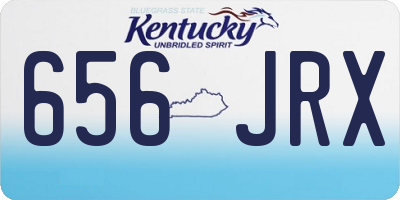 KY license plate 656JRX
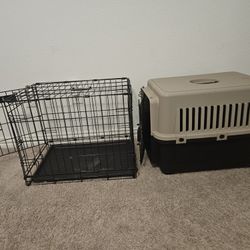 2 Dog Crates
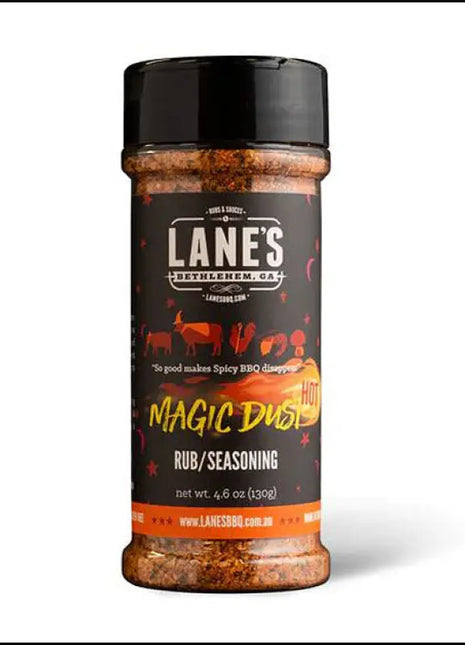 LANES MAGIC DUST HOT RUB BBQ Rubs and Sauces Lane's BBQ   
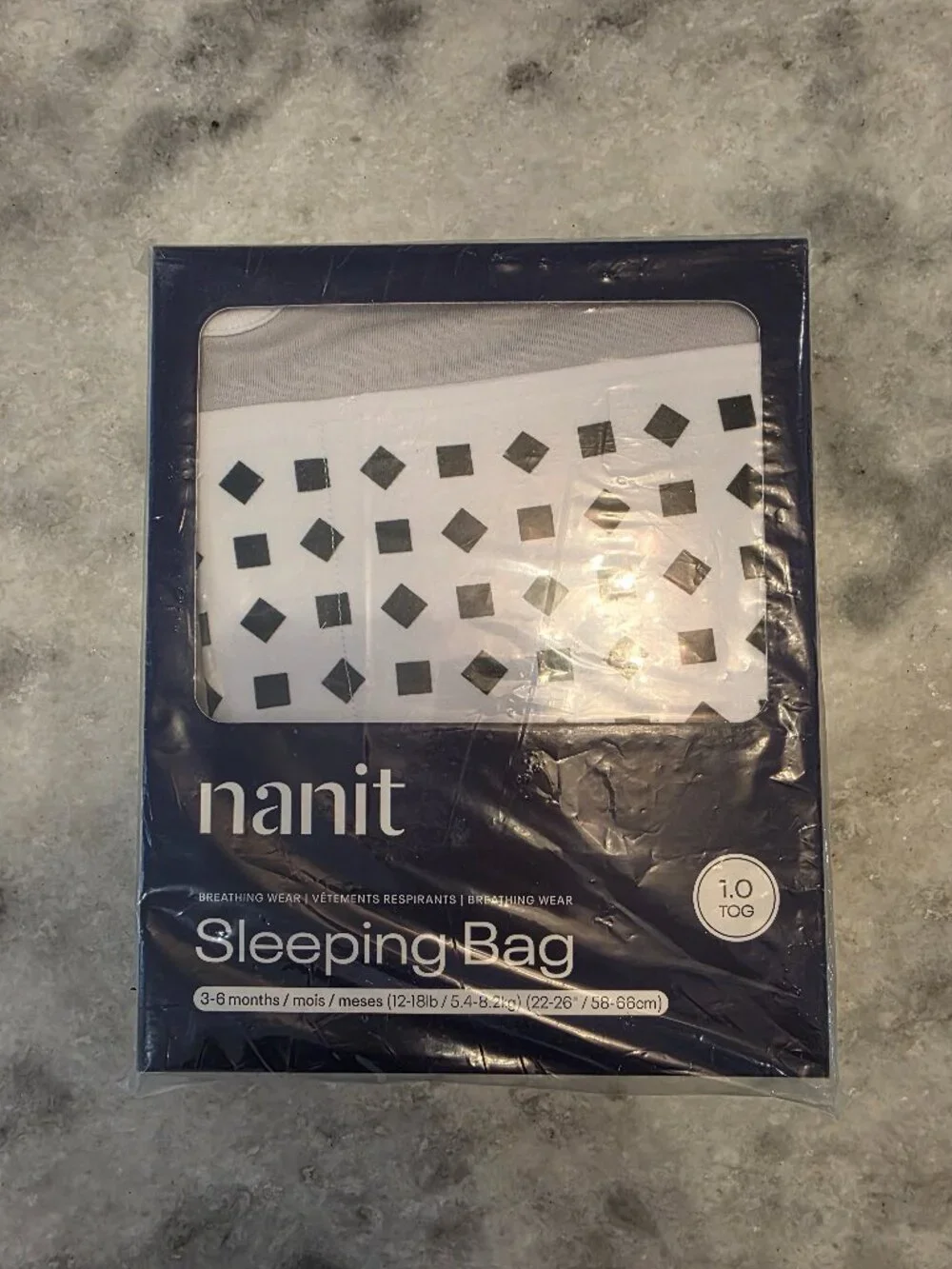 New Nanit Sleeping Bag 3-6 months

==

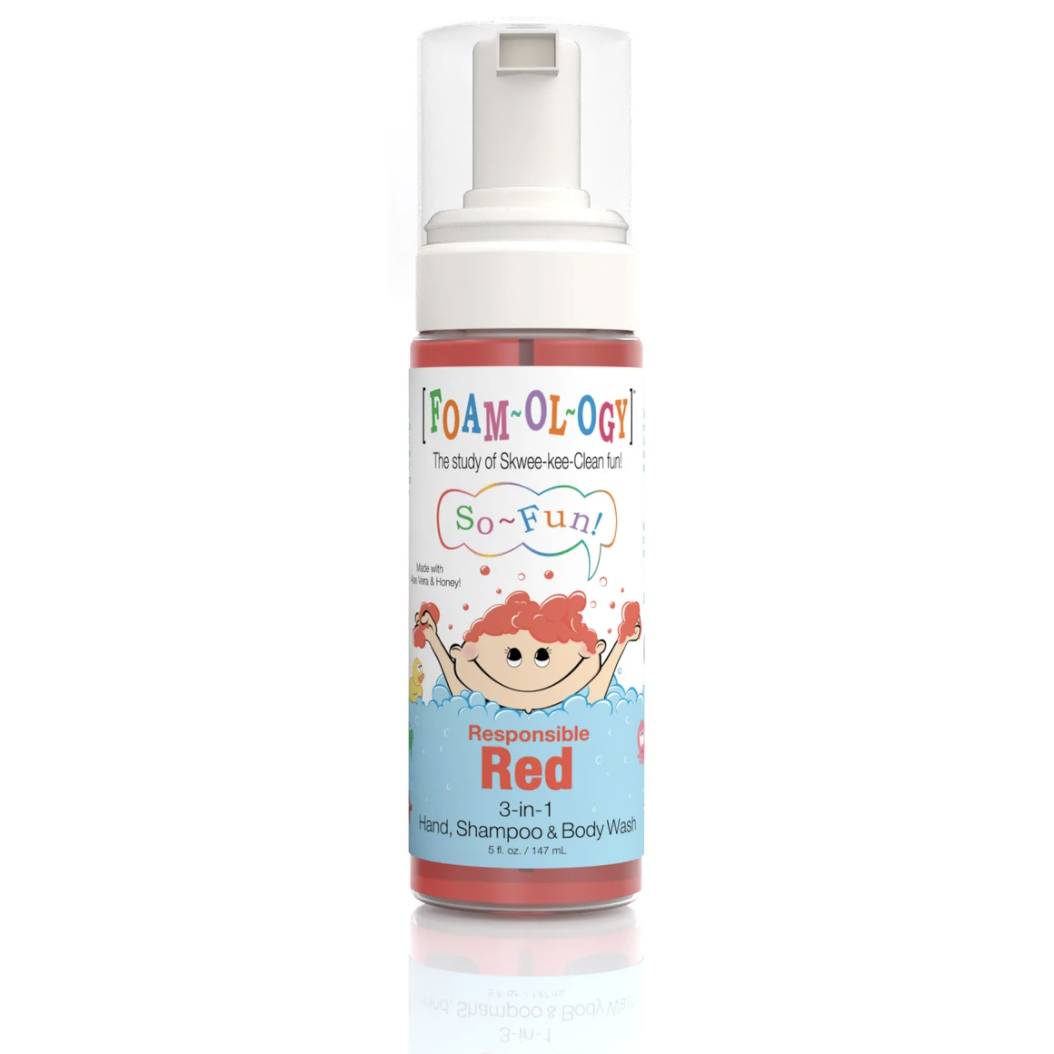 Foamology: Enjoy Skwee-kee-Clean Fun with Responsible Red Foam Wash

* * *

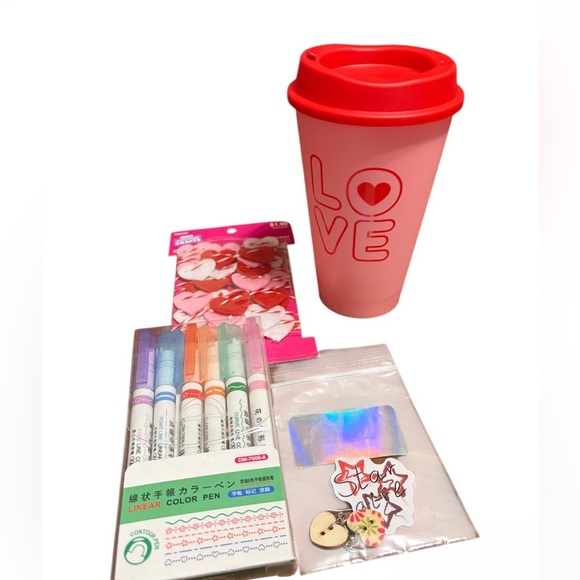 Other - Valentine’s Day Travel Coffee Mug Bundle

=== Work item ===
Copy the lines above exactly, starting with the line that contains "2 Dog Crates" and ending with the line that contains "New Nanit Sleeping Bag 3-6 months", and leave out any pictures.

=== Response to this task ===
 2 Dog Crates
 LANES MAGIC DUST HOT RUB BBQ Rubs and Sauces Lane's BBQ   
 New Nanit Sleeping Bag 3-6 months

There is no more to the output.